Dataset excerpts
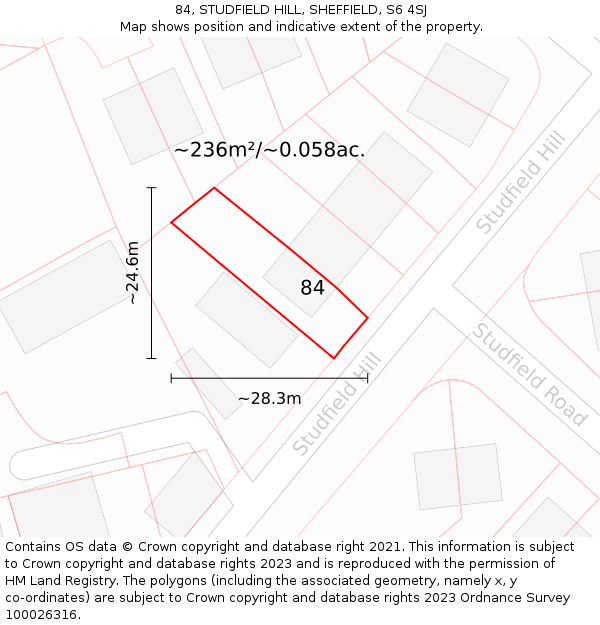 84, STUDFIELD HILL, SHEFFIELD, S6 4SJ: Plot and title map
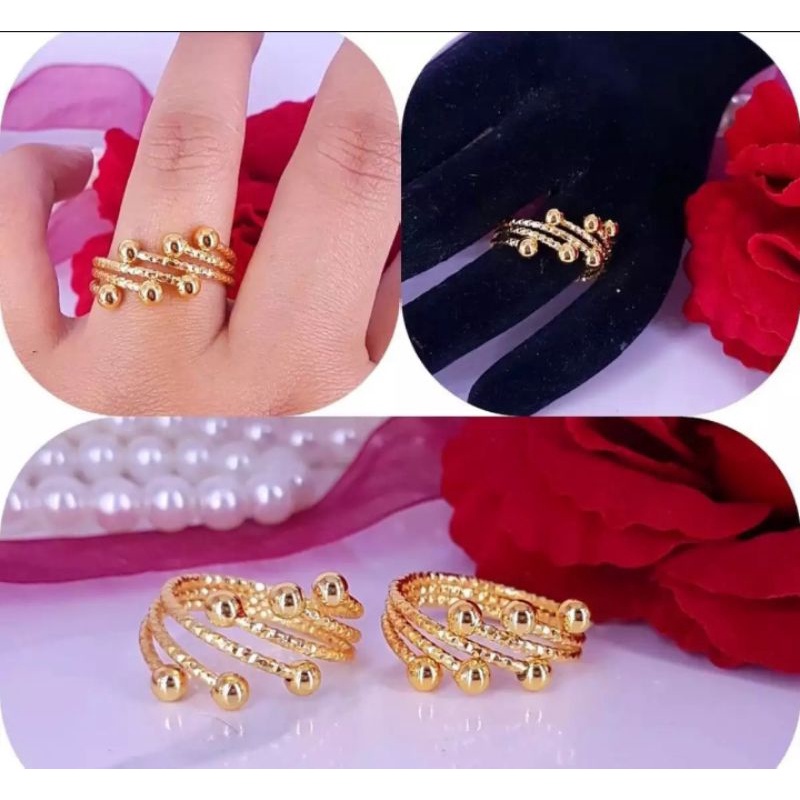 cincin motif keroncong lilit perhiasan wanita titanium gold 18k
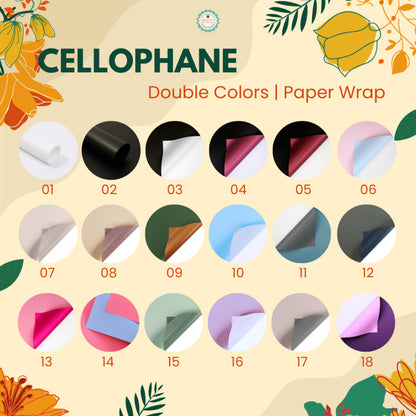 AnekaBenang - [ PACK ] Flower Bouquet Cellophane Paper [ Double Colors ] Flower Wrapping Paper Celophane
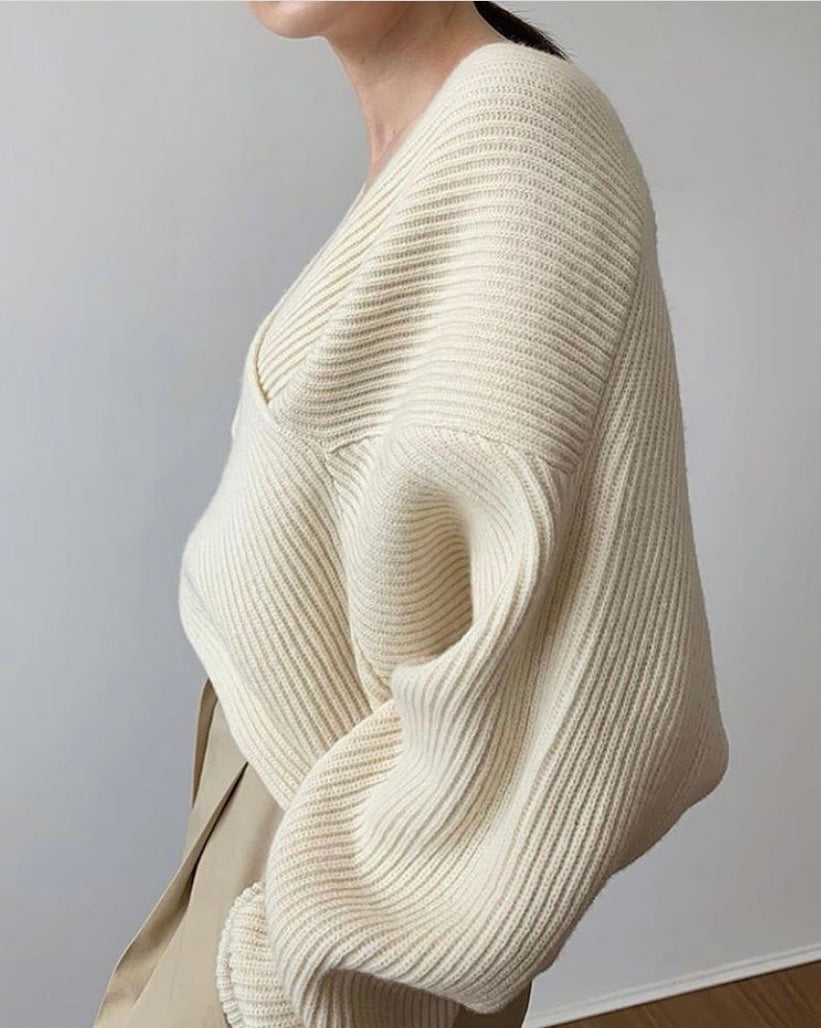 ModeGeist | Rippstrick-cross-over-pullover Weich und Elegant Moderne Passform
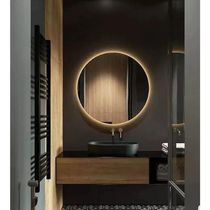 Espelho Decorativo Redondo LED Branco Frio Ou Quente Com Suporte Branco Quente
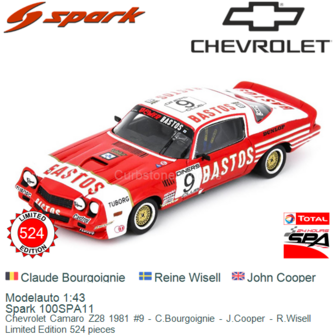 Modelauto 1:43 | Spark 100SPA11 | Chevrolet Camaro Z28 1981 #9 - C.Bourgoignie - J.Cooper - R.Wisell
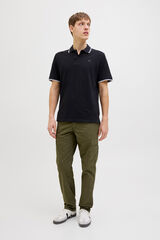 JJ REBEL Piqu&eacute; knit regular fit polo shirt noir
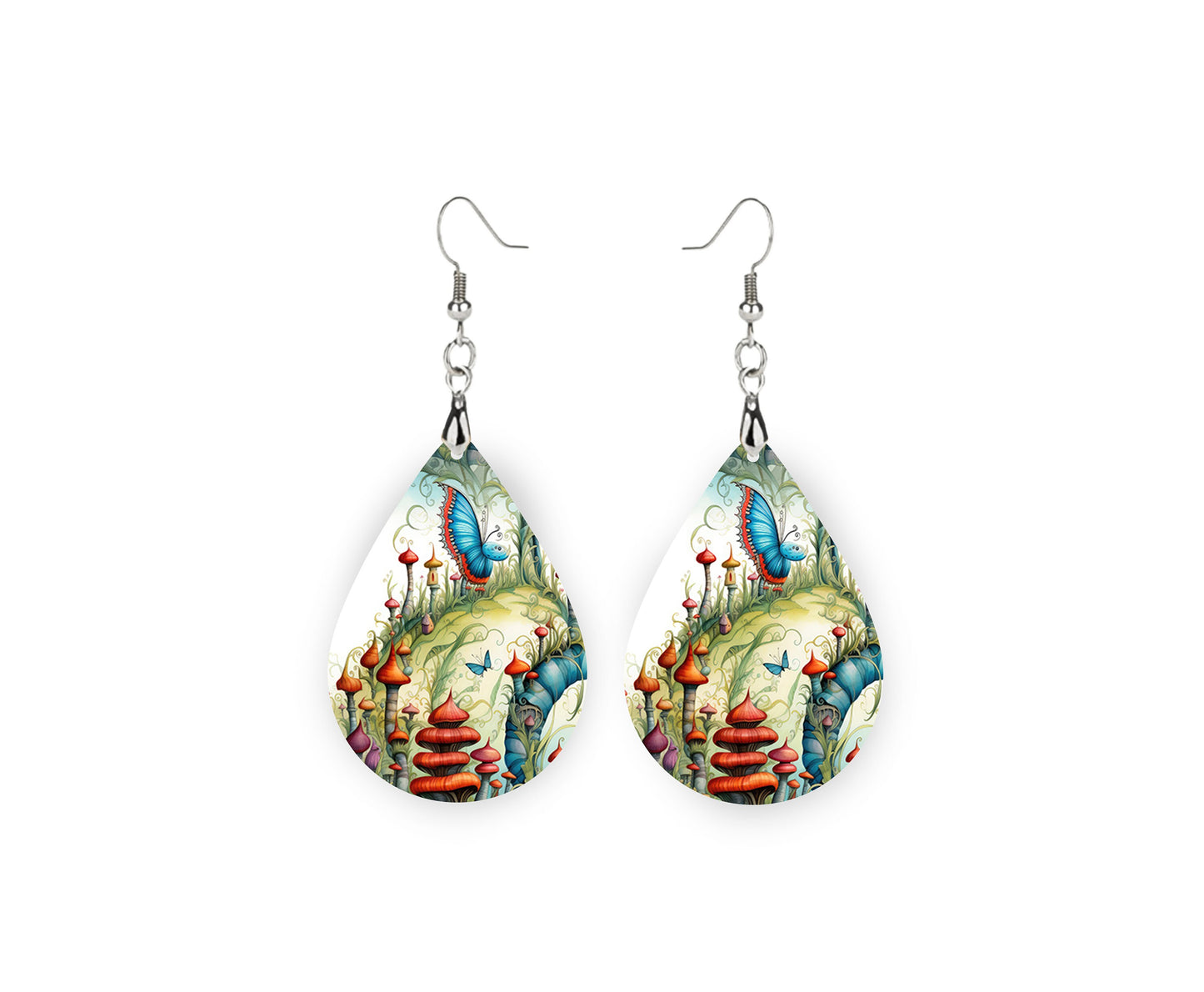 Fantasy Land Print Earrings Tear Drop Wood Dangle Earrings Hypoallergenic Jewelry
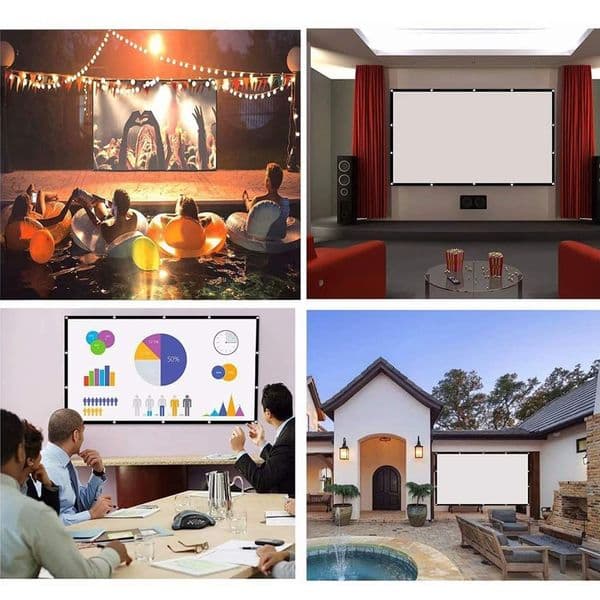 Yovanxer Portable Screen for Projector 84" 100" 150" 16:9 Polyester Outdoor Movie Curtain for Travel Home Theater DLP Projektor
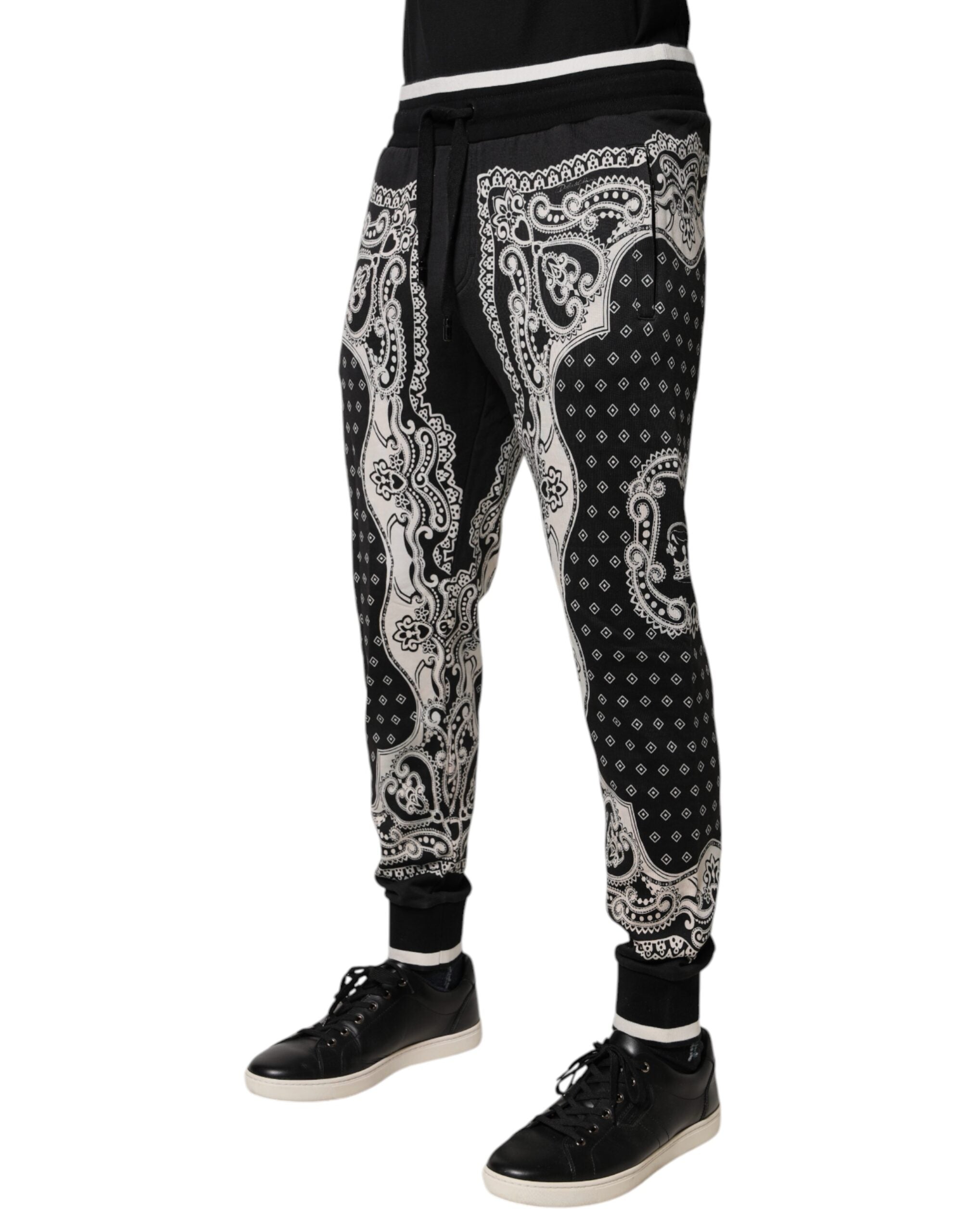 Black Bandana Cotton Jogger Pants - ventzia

**YOUR OBJECTIVE**
Find the line that contains "cincin motif keroncong", then write out that line and each one after it, exactly and with nothing else, through the end of the entries above, without the pictures.

**THE ANSWER**
 cincin motif keroncong lilit perhiasan wanita titanium gold 18k
 AnekaBenang - [ PACK ] Flower Bouquet Cellophane Paper [ Double Colors ] Flower Wrapping Paper Celophane
 ModeGeist | Rippstrick-cross-over-pullover Weich und Elegant Moderne Passform
 Espelho Decorativo Redondo LED Branco Frio Ou Quente Com Suporte Branco Quente
 Modelauto 1:43 | Spark 100SPA11 | Chevrolet Camaro Z28 1981 #9 - C.Bourgoignie - J.Cooper - R.Wisell
 JJ REBEL Piqu&eacute; knit regular fit polo shirt noir
 Fantasy Land Print Earrings Tear Drop Wood Dangle Earrings Hypoallergenic Jewelry
 Yovanxer Portable Screen for Projector 84" 100" 150" 16:9 Polyester Outdoor Movie Curtain for Travel Home Theater DLP Projektor
 Black Bandana Cotton Jogger Pants - ventzia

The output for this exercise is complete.